- WORK ORDER -
Set down every entry again, exactly as it appears.

┌────────

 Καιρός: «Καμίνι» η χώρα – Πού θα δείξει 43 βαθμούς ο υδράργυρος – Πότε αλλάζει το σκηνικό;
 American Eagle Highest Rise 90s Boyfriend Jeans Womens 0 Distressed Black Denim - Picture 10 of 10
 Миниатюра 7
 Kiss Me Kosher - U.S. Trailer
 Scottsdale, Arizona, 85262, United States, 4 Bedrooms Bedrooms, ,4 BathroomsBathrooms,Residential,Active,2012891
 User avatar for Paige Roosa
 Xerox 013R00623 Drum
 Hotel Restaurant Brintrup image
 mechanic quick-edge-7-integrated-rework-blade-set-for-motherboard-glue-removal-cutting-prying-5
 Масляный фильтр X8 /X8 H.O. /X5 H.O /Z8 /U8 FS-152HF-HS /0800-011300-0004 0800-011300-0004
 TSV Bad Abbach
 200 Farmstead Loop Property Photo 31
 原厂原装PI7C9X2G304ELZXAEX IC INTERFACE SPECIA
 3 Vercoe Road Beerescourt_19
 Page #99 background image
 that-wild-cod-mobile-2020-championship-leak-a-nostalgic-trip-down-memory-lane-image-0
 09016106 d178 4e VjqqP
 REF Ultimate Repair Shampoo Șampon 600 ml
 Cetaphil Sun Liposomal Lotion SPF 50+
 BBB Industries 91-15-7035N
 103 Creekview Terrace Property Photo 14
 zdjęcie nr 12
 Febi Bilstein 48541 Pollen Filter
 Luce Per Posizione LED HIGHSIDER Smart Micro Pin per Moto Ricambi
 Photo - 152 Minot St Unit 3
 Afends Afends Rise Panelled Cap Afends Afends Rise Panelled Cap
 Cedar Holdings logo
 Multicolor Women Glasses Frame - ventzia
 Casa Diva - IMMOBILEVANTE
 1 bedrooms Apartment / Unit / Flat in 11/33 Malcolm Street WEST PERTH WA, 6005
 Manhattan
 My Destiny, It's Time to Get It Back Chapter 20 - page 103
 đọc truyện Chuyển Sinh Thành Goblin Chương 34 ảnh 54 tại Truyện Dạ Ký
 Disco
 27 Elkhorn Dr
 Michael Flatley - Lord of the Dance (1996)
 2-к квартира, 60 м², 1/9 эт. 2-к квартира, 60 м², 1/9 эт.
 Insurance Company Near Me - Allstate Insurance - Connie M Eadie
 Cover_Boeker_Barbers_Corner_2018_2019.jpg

└────────

- OUTPUT -
 Καιρός: «Καμίνι» η χώρα – Πού θα δείξει 43 βαθμούς ο υδράργυρος – Πότε αλλάζει το σκηνικό;
 American Eagle Highest Rise 90s Boyfriend Jeans Womens 0 Distressed Black Denim - Picture 10 of 10
 Миниатюра 7
 Kiss Me Kosher - U.S. Trailer
 Scottsdale, Arizona, 85262, United States, 4 Bedrooms Bedrooms, ,4 BathroomsBathrooms,Residential,Active,2012891
 User avatar for Paige Roosa
 Xerox 013R00623 Drum
 Hotel Restaurant Brintrup image
 mechanic quick-edge-7-integrated-rework-blade-set-for-motherboard-glue-removal-cutting-prying-5
 Масляный фильтр X8 /X8 H.O. /X5 H.O /Z8 /U8 FS-152HF-HS /0800-011300-0004 0800-011300-0004
 TSV Bad Abbach
 200 Farmstead Loop Property Photo 31
 原厂原装PI7C9X2G304ELZXAEX IC INTERFACE SPECIA
 3 Vercoe Road Beerescourt_19
 Page #99 background image
 that-wild-cod-mobile-2020-championship-leak-a-nostalgic-trip-down-memory-lane-image-0
 09016106 d178 4e VjqqP
 REF Ultimate Repair Shampoo Șampon 600 ml
 Cetaphil Sun Liposomal Lotion SPF 50+
 BBB Industries 91-15-7035N
 103 Creekview Terrace Property Photo 14
 zdjęcie nr 12
 Febi Bilstein 48541 Pollen Filter
 Luce Per Posizione LED HIGHSIDER Smart Micro Pin per Moto Ricambi
 Photo - 152 Minot St Unit 3
 Afends Afends Rise Panelled Cap Afends Afends Rise Panelled Cap
 Cedar Holdings logo
 Multicolor Women Glasses Frame - ventzia
 Casa Diva - IMMOBILEVANTE
 1 bedrooms Apartment / Unit / Flat in 11/33 Malcolm Street WEST PERTH WA, 6005
 Manhattan
 My Destiny, It's Time to Get It Back Chapter 20 - page 103
 đọc truyện Chuyển Sinh Thành Goblin Chương 34 ảnh 54 tại Truyện Dạ Ký
 Disco
 27 Elkhorn Dr
 Michael Flatley - Lord of the Dance (1996)
 2-к квартира, 60 м², 1/9 эт. 2-к квартира, 60 м², 1/9 эт.
 Insurance Company Near Me - Allstate Insurance - Connie M Eadie
 Cover_Boeker_Barbers_Corner_2018_2019.jpg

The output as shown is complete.